__WHAT THE TASK ASKS__
The output should be the listing below, limited to the lines from the one with "Cabochon en Verre" through the one with "Aardappelpartjes met knoflook of rozemarijn", exact and without pictures.

__RECORDS FOR PROCESSING__
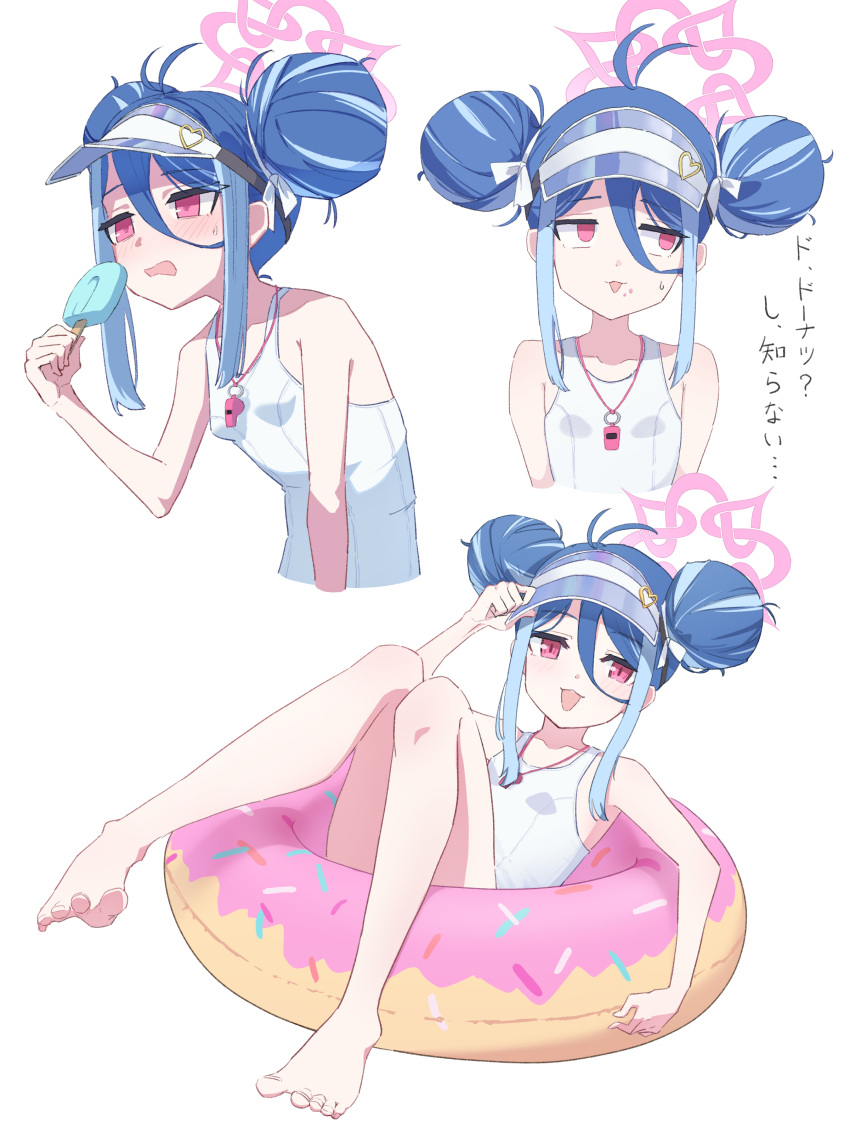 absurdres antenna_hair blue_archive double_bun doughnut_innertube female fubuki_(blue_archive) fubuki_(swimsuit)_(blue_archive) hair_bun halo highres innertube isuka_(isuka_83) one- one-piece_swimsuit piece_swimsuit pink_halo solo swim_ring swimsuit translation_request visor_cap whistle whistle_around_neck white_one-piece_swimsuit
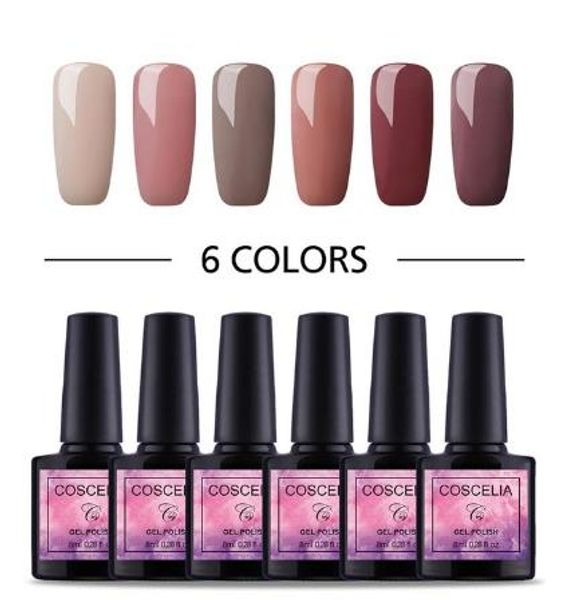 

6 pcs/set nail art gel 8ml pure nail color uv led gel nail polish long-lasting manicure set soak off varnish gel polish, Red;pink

---

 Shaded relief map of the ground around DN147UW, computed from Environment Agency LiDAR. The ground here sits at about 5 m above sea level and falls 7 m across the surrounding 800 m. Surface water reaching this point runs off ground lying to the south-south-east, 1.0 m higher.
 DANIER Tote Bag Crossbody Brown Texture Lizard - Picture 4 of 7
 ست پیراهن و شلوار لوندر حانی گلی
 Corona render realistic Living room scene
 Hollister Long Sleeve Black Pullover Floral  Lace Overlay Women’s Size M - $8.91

--

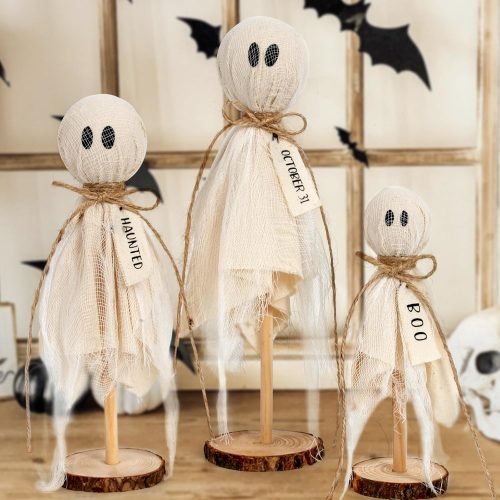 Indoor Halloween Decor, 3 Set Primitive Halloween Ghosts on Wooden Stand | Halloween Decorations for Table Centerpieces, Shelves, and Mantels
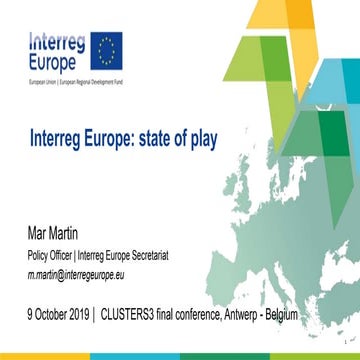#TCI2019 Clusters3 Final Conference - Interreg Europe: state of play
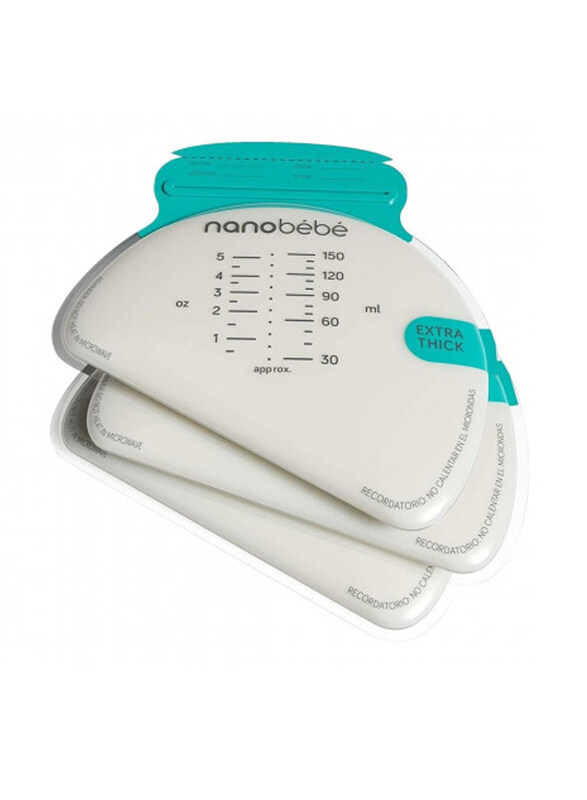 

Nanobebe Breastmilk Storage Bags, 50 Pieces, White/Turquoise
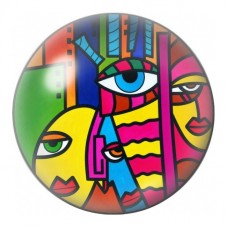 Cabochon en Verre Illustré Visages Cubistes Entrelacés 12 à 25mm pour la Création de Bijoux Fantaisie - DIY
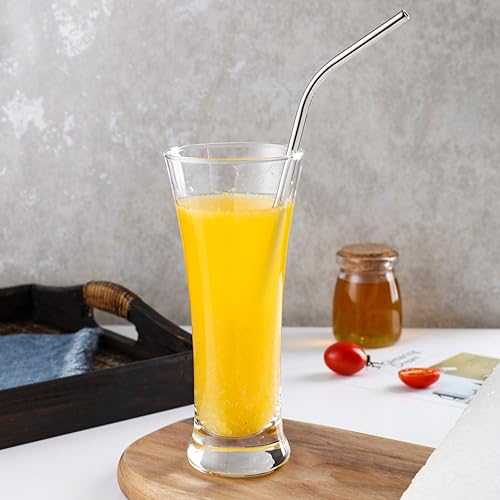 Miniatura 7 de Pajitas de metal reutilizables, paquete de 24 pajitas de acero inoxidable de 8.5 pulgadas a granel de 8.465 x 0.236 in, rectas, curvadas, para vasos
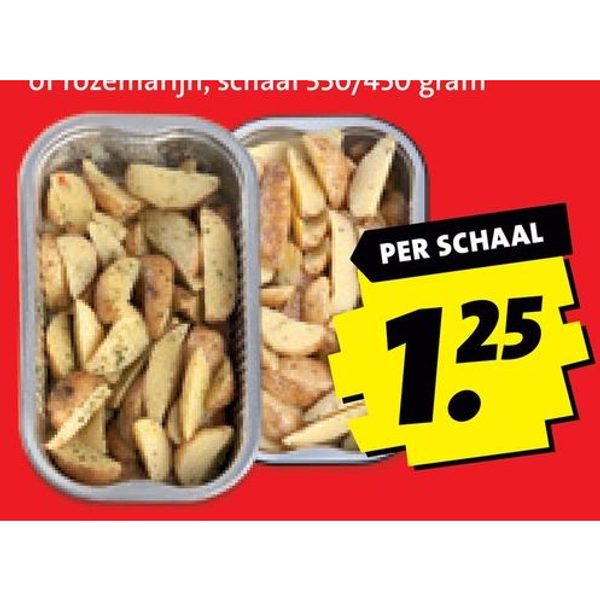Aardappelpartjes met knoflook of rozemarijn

__SOLUTION FOR THIS EXERCISE__
 Cabochon en Verre Illustré Visages Cubistes Entrelacés 12 à 25mm pour la Création de Bijoux Fantaisie - DIY
 Miniatura 7 de Pajitas de metal reutilizables, paquete de 24 pajitas de acero inoxidable de 8.5 pulgadas a granel de 8.465 x 0.236 in, rectas, curvadas, para vasos
Aardappelpartjes met knoflook of rozemarijn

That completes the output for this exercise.